Paper 2: Palestine in the Life and Ideology of Abdallah Azzam
Dr Thomas Hegghammer, Senior Research Fellow and Director of Terrorism Research, Norwegian Defence Research Establishment (FFI)

The Palestinian preacher Abdallah Azzam (1941-1989) is widely considered as one of the most influential ideologues in the modern history of transnational jihadism. Azzam is best known as the main entrepreneur of the Arab mobilization to the 1980s war in Afghanistan. In spite of his documented influence, Azzam’s biography and ideological production remains understudied. This paper examines Azzam’s relationship to his native Palestine, in the hope of understanding how a Palestinian Islamist could become the main proponent for a global Muslim effort to liberate Afghanistan.

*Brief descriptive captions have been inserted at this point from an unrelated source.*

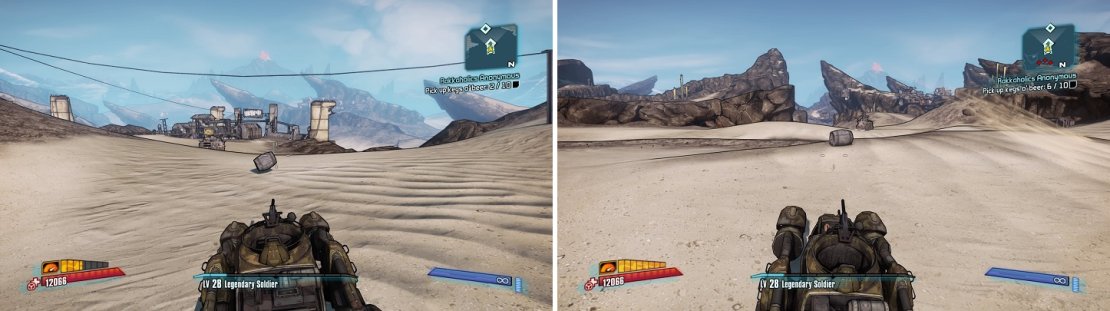 You need to shoot the barrels on the truck in order to get them to drop.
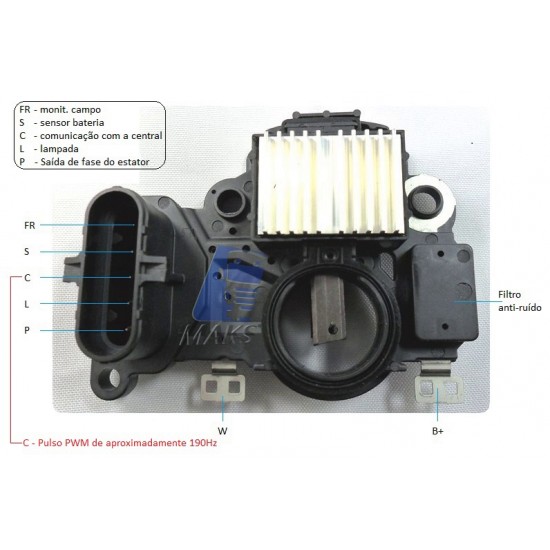 REG6393 - Regulador de tensão (voltagem) para alternador Mitsubishi A004TR6393 24V 130A Volvo FH12, FM12, FMX12, Volvo 2015 em diante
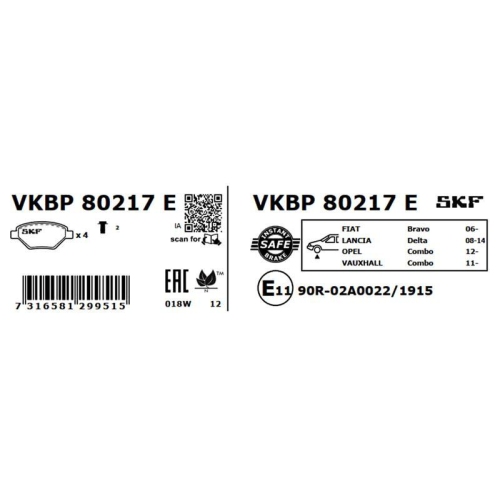 Bremsbelagsatz, Scheibenbremse SKF VKBP 80217 E f&uuml;r FIAT OPEL VAUXHALL ABARTH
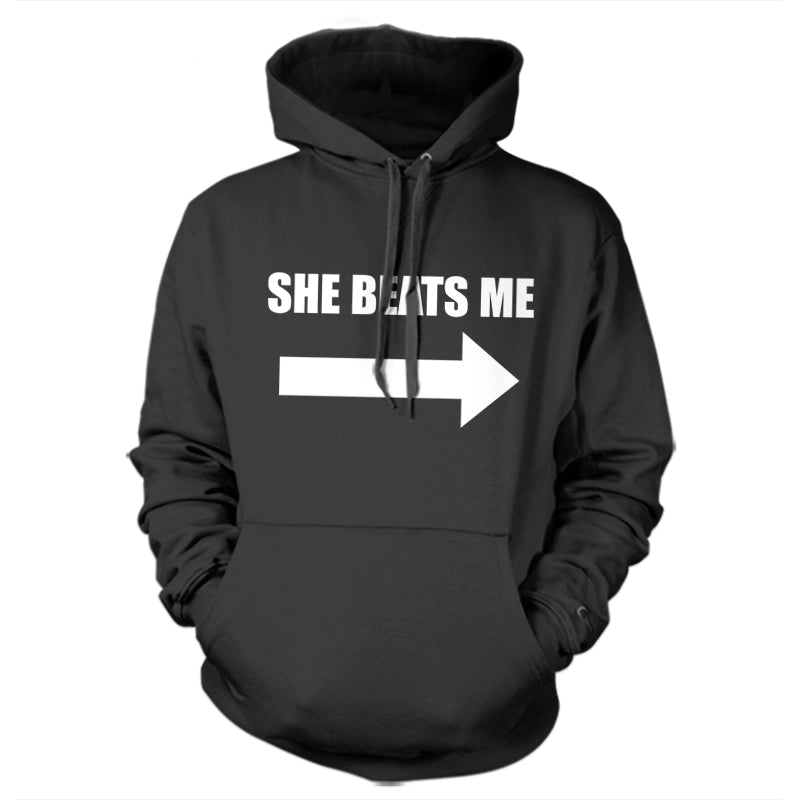 She Beats Me Hoodie - FiveFingerTees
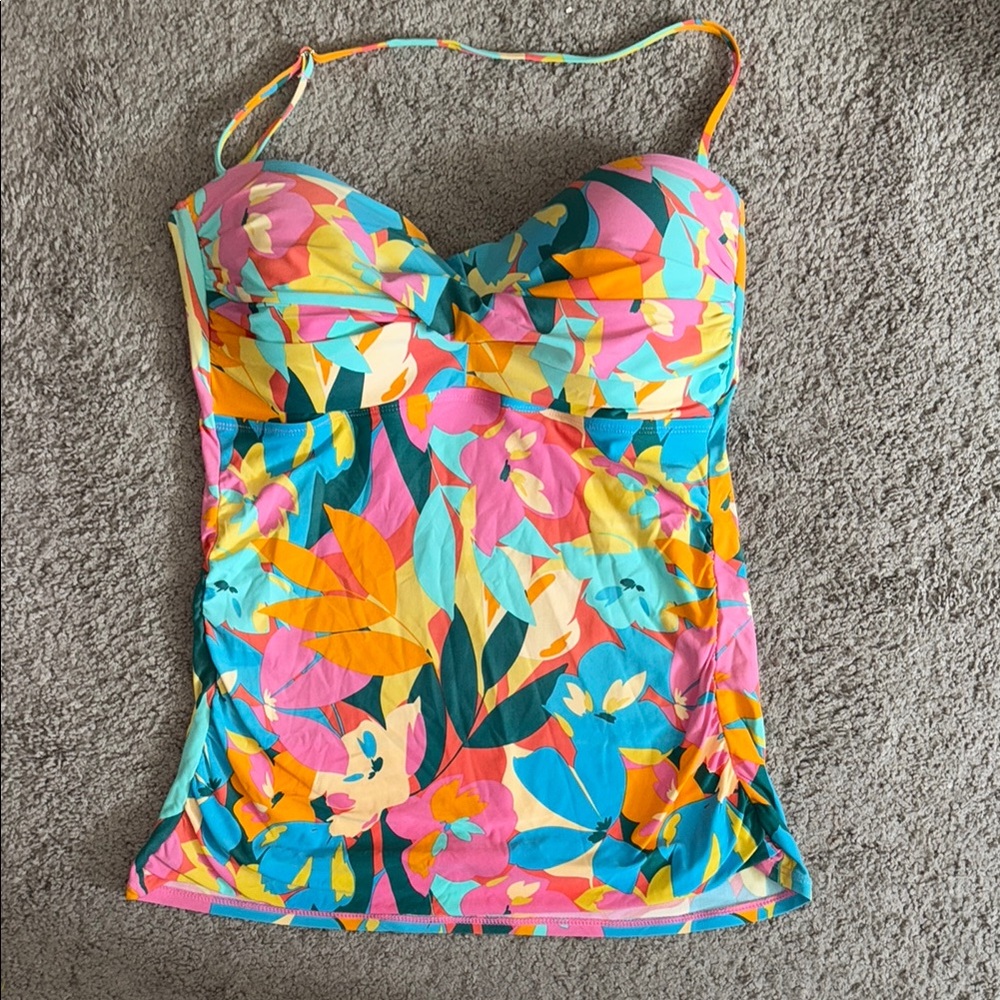 Anne Cole tankini top XL women’s halter floral swimming swimsuit summer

The paper traces Azzam’s Palestinian biography, asking what we know about Azzam’s early life in the West Bank and his subsequent connections with Islamists in the territories. Second, it analyses Azzam’s writings in order to gage his views on the Palestinian struggle and its place in his overall worldview.

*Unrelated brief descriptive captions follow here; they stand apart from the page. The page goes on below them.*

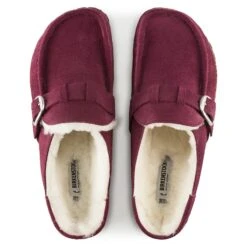 Birkenstock Buckley Shearling Suede Leather Maroon -Birkenstock Shop 1020657 top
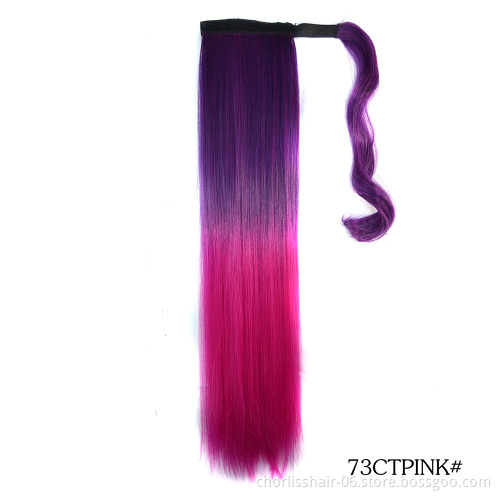 Wholesale ombre Long Straight  Clip in Wrap Around ponytail Hair Extensions Synthetic Fiber Hairpiece Ponytail for Woman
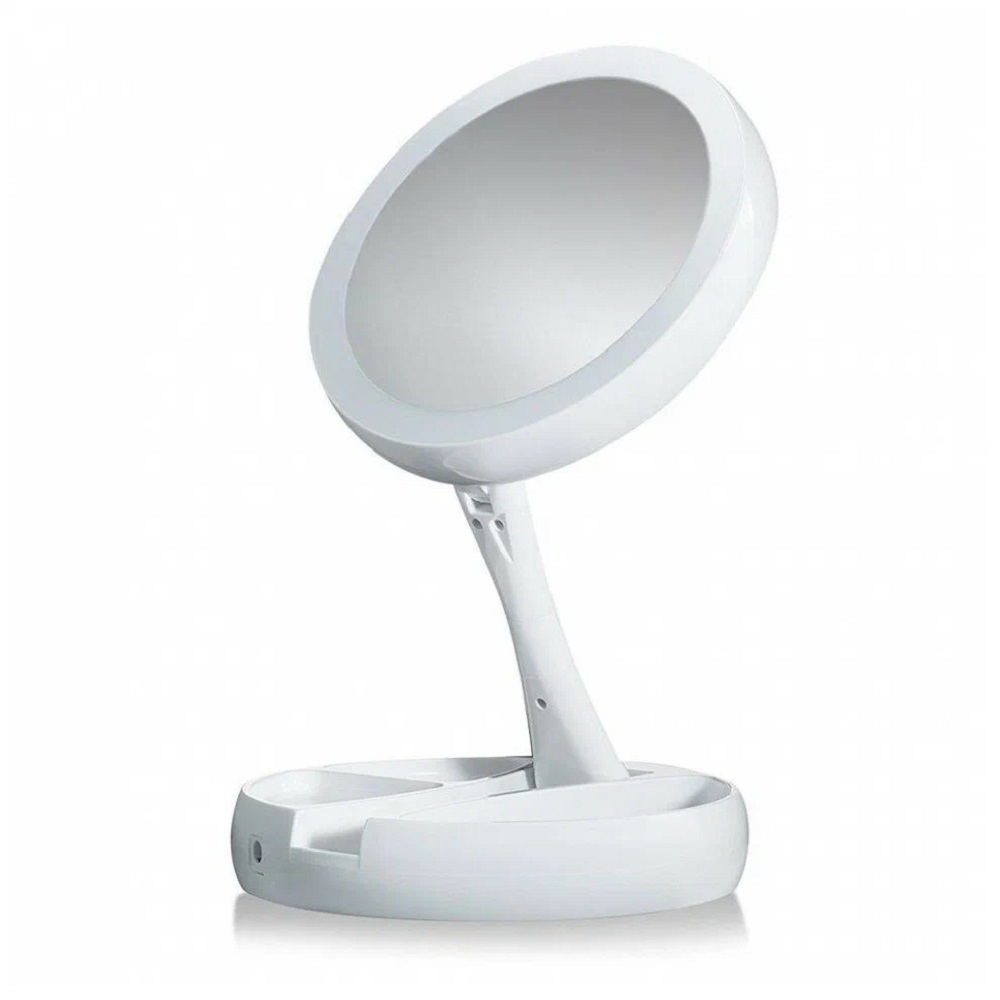 Косметическое зеркало настольное CASTLELADY с LED подсветкой складное компактное дорожное - фото 5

Paper 3: Abu Muhammad al-Maqdisi and Palestine
Dr Joas Wagemakers, Lecturer, Radboud University

Abu Muhammad al-Maqdisi (b. Barqa, West Bank, 1959), is one of the most influential radical Islamic ideologues alive. He has inspired militant Muslims in Jordan and Saudi Arabia, has advised others in the North Caucasus and Somalia and his work is read from Europe to Indonesia. Considering al-Maqdisi’s Palestinian origins, occasional references to Palestinian issues throughout his writings it is tempting to assume that he has a strong Palestinian identity and that this is one of the guiding principles in his ideology. This paper argues instead that, while there is indeed some evidence pointing to a soft spot for Palestinian issues in al-Maqdisi’s work, he lacks a strong Palestinian identity and his more recent focus on events in the Gaza Strip as well as his earlier references to the Palestinian question should be seen in the broader context of his efforts to focus on areas where both da’wa (calling people to Islam) and jihad can be effective, fruitful and legitimate. >> download the paper

Paper 4: Abu Qatada and Palestine
Petter Nesser, Research Fellow, Norwegian Defence Research Establishment (FFI)

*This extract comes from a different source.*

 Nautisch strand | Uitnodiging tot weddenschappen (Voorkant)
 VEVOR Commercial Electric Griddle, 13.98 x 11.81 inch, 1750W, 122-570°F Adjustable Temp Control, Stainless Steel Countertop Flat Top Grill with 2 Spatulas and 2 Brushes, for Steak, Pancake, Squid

Abu Qatada “the Palestinian” is considered an influential ideologue of the so-called salafist-jihadist movement. Born in Palestine, Qatada grew up in Jordan and ended up as a militant Islamist preacher in London. In spite of his Palestinian background, Abu Qatada appears to have focused more on supporting armed Islamist groups in other parts of the world than the Palestinian struggle against Israel. Since the 1980s he has pursued fierce activism with a view to overthrow Jordanian monarchy. In the early 1990s he spent time among the Arab volunteer anti-Communist fighters in Pakistan and Afghanistan. In 1993 he gained asylum in Britain and began acting as a spiritual guide for Islamist guerrillas in Algeria and Chechnya. Over the last decade, while going in and out of prison accused of aiding international terrorism, Abu Qatada has continued working to define the theological basis of al-Qaida and likeminded movements. This working paper explores Qatada’s life and ideology, focusing on his relationship to the Palestine cause. The paper argues that, although the preacher appears to have an emotional connection to the homeland and obviously fosters strong hatred for Jews and the state of Israel, his uncompromising ideology has prevented him from playing a role among the Palestinian resistance movements. Qatada’s relationship to Palestine appears to be one of love and hate. While acknowledging the suffering of the Palestinian people and eulogizing its martyrs, he despises the Palestinian leadership, including HAMAS’s leadership, having given upon the idea that Palestine could be liberated from within. His disappointment with Palestinian militants’ political endeavours (which in his view constitute the sin of putting worldly self-interests before religion), appears to have been a central factor in pushing Qatada towards the global jihad camp. >> download the paper


These are abridged versions of the abstracts submitted by  the presenters.